Data to examine below:
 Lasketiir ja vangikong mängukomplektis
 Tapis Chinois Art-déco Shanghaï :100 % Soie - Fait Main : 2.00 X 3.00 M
End of Data to examine.
Data to examine below:
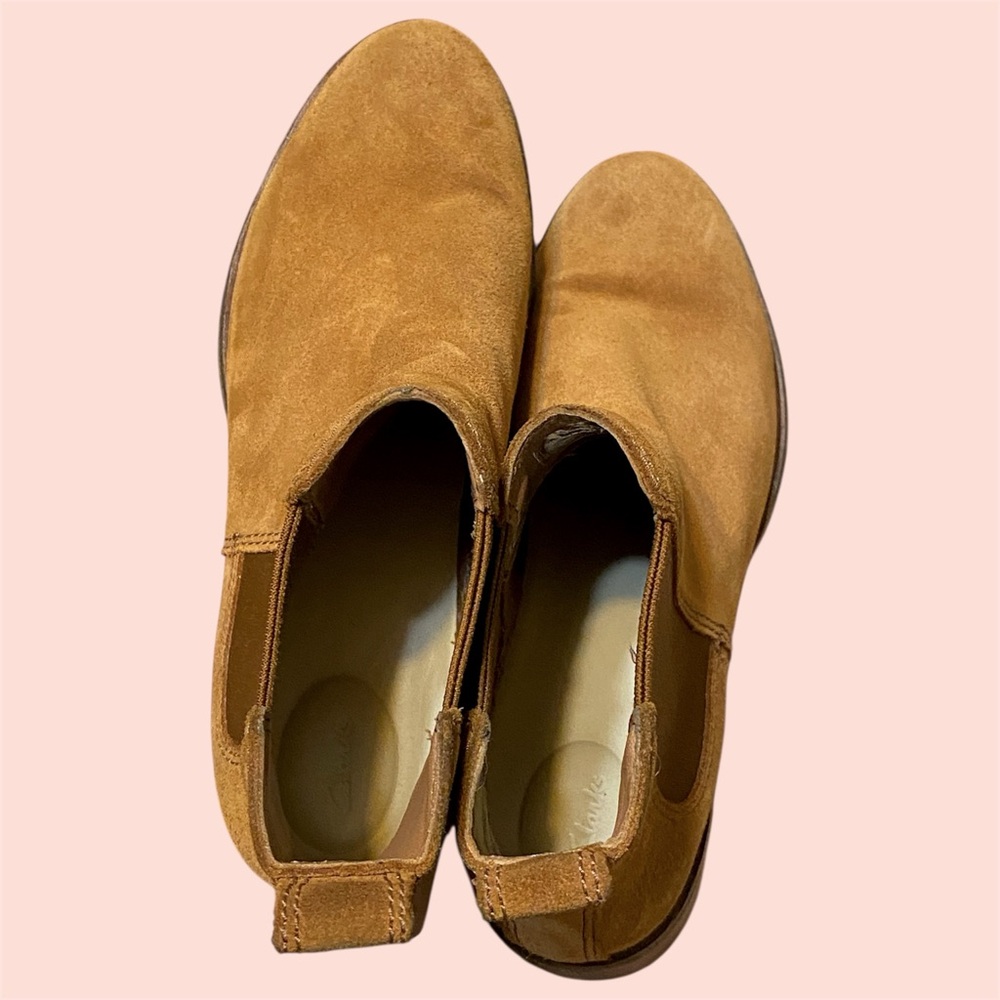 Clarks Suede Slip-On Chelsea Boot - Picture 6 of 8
End of Data to examine.
### Work order
Output the material above exactly, but only from the line that carries "Lasketiir ja vangikong mängukomplektis" through the line that carries "Tapis Chinois Art-déco".

### Solution to this exercise
 Lasketiir ja vangikong mängukomplektis
 Tapis Chinois Art-déco Shanghaï :100 % Soie - Fait Main : 2.00 X 3.00 M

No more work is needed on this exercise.